PROVIDED DATA START

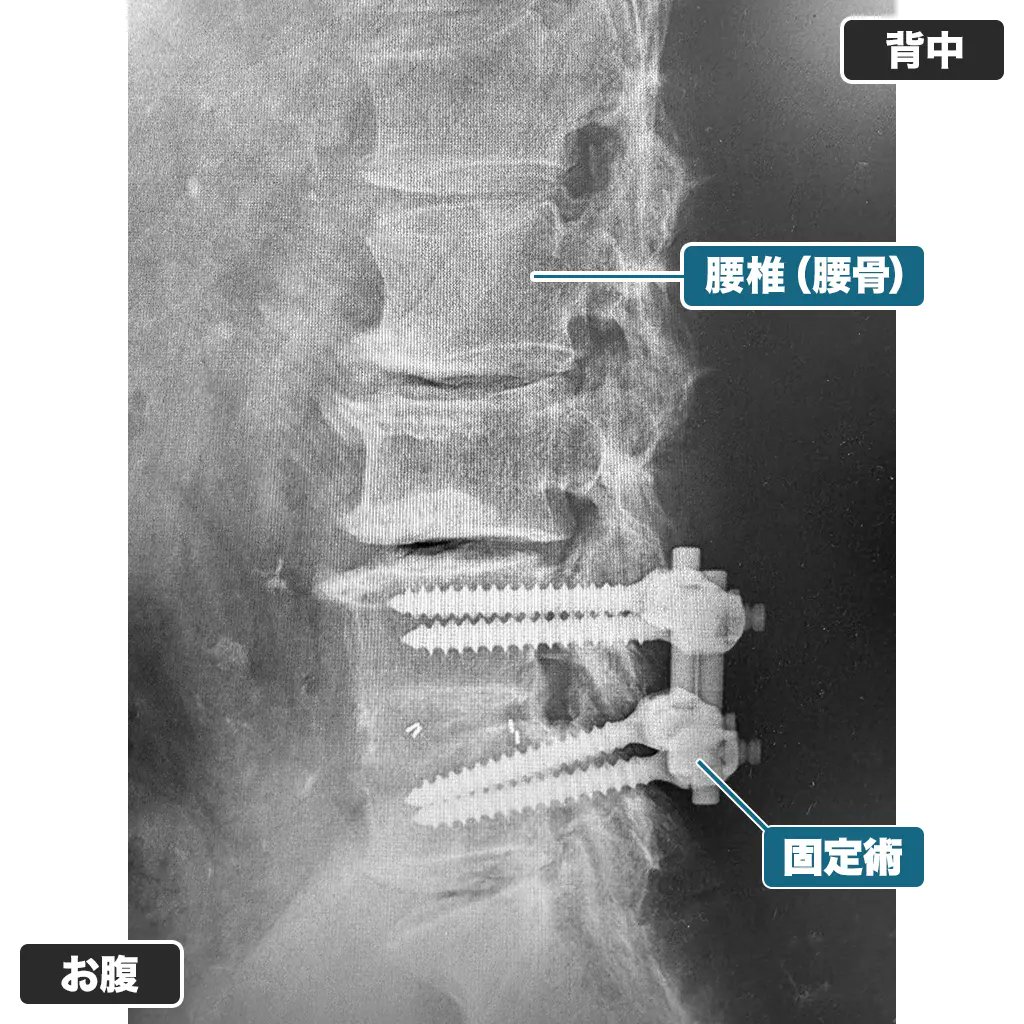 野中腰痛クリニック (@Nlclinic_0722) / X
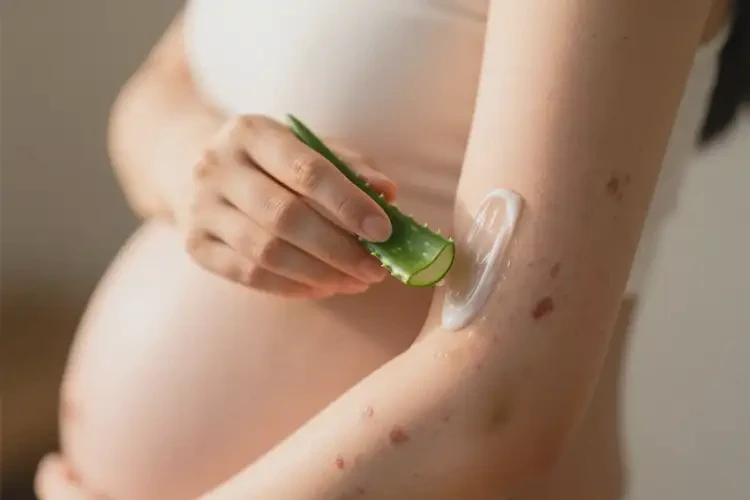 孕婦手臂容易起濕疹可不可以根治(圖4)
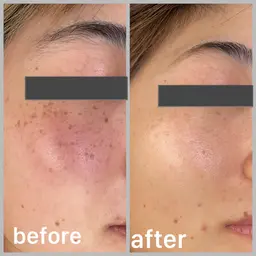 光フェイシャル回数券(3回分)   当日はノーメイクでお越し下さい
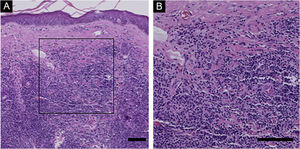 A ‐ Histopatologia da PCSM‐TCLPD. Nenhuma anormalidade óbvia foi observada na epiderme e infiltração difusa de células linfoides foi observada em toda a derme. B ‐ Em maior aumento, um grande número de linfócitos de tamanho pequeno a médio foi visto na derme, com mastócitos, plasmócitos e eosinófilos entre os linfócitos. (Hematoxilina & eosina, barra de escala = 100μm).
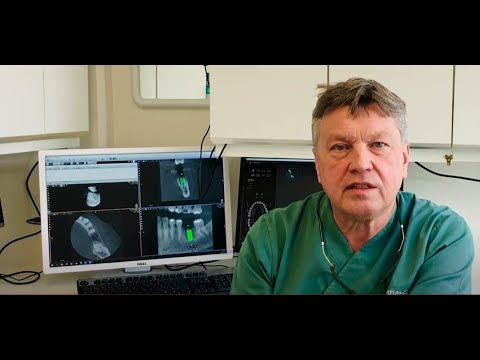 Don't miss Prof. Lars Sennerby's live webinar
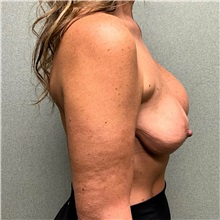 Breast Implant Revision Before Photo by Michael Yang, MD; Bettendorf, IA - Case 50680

PROVIDED DATA END

[PROBLEM DETAILS]
Any picture in the material is to be left out, and everything else is to be retyped as is.

[RESULT]
 野中腰痛クリニック (@Nlclinic_0722) / X
 孕婦手臂容易起濕疹可不可以根治(圖4)
 光フェイシャル回数券(3回分)   当日はノーメイクでお越し下さい
 A ‐ Histopatologia da PCSM‐TCLPD. Nenhuma anormalidade óbvia foi observada na epiderme e infiltração difusa de células linfoides foi observada em toda a derme. B ‐ Em maior aumento, um grande número de linfócitos de tamanho pequeno a médio foi visto na derme, com mastócitos, plasmócitos e eosinófilos entre os linfócitos. (Hematoxilina & eosina, barra de escala = 100μm).
 Don't miss Prof. Lars Sennerby's live webinar
 Breast Implant Revision Before Photo by Michael Yang, MD; Bettendorf, IA - Case 50680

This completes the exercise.